The new standard focuses on two topics - 1) determining whether transactions are contributions or exchange transactions, and 2) determining whether contributions are conditional or unconditional.  Both topics affect when and how revenue from transactions are recognized. 

Currently there is much diversity in practice in how certain transactions - particularly with government entities - is recognized, and one of the purposes of the proposal is to bring uniformity in recording such transactions.  The standard will likely result in more governmental grants and contracts being treated as contributions rather than exchange transactions.  The standard also provides a framework to evaluate whether a contribution is conditional or unconditional.  Included in the standard are several illustrative examples that should prove useful in implementing the new provisions.    

New Accounting Standard for Recognizing Credit Losses

Posted by Admin Posted on June 22 2016

In June 2016, the Financial Accounting Standards Board issued Accounting Standards Update (ASU) No. 2016-13Financial Instruments-Credit Losses (Topic 326): Measurement of Credit Losses on Financial Instruments.  Beginning in 2021, credit losses will be recognized using an "expected loss" model (i.e. losses are recorded based on the full amount of expected losses), rather than the current "incurred loss" model (i.e., losses are not recorded until it is probable that a loss has been incurred).  Under this more conservative model, credit losses will be recognized earlier than they were previously.

The standard will apply to all entities with financial assets, such as trade receivables and loans.
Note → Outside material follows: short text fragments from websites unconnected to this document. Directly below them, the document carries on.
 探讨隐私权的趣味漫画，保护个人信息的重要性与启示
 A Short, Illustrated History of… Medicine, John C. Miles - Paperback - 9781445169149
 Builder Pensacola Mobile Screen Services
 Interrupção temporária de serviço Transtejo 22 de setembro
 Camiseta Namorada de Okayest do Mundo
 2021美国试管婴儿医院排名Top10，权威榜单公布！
Thus, expected credit losses will be measured based on past experience and current and reasonably supportable forecasted conditions.  Though many of the loss estimation techniques currently being applied will continue to be permitted, the inputs to those techniques will change to reflect the full amount of expected losses. 

The new standard is not effective until calendar 2021 for non-public entities, with early implementation allowed in 2019.
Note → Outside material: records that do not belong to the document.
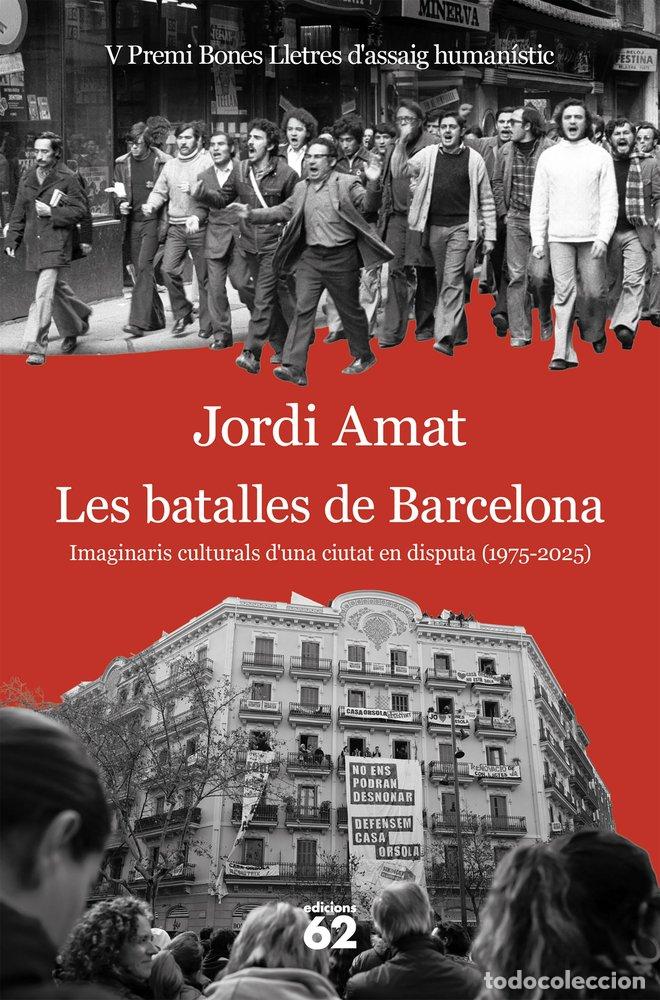 Libri: LES BATALLES DE BARCELONA - JORDI AMAT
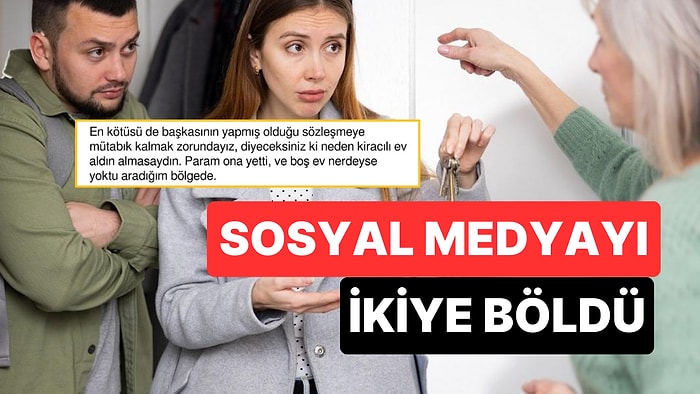 Kiracısı Olan Evi Satın Alan Kişinin, ''Evden Çıkartamıyorum'' İsyanı Sosyal Medyayı İkiye Böldü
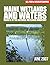 Maine Wetlands and Waters: ...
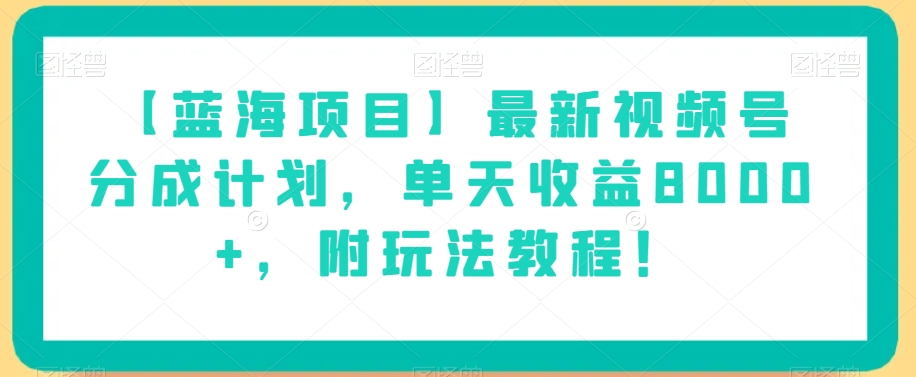 【蓝海项目】最新视频号分成计划，单天收益8000+，附玩法教程！-学习资源库
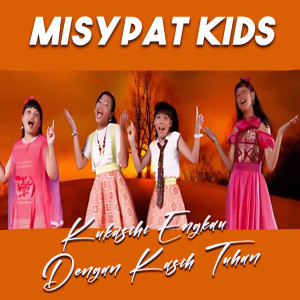 Album Kukasihi Engkau Dengan Kasih Tuhan from Misypat Kids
New Lease Accounting Standard to Have Big Effect on Lessee Balance Sheets Beginning in 2022

Posted by Admin Posted on May 02 2016

The main change in the new standard is that lessees must recognize, in their balance sheets, leased assets and lease liabilities for operating leases.  Currently, lessees do not record either assets or liabilities for operating leases.
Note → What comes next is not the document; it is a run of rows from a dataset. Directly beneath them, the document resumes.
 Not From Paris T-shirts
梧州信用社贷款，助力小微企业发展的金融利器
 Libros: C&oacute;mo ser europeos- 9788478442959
The new standard covers all entities – both for-profit and nonprofit - that issue financial statements in accordance with U.S.. generally accepted accounting principles (GAAP).

For non-public entities, the standard takes effect in years beginning after December 15, 2020 (i.e., calendar 2021), with early application permitted. It will apply to all leases in effect as of the beginning of the earliest comparative period presented; in other words, if 2020 comparative statements are included with 2021 statements, leases in effect at January 1, 2020 will be covered.

 For lessees-

  • At the start of a lease, lessees must record both an asset and a liability for the net present value of future lease payments. The asset will be amortized to expense, and lease payments will reduce the liability, over the lease term. How that is done depends on whether the lease is an operating or a finance lease.
  • The biggest effect to lessees will be on their balance sheets. The new standard will gross-up lessee’s assets and liabilities for leases, which will change financial statement ratios and may affect compliance with loan covenants.

 

For lessors-

  • Unless a lease is sales-type or financing lease, lease income is simply recognized when earned, and there is no grossing-up of assets and liabilities.

 

Depending on the number and value of leases, the new standard could have a large effect on lessee balance sheets by increasing both assets and liabilities. This, in turn will affect certain balance sheet ratios, particularly the current ratio and the debt-equity ratio. Since many loan agreement contain covenants that specify minimum current ratios and maximum debt-equity ratios, lessees may want to discuss the effects of the new standard with their lenders before it goes into effect and make appropriate adjustments to affected covenants.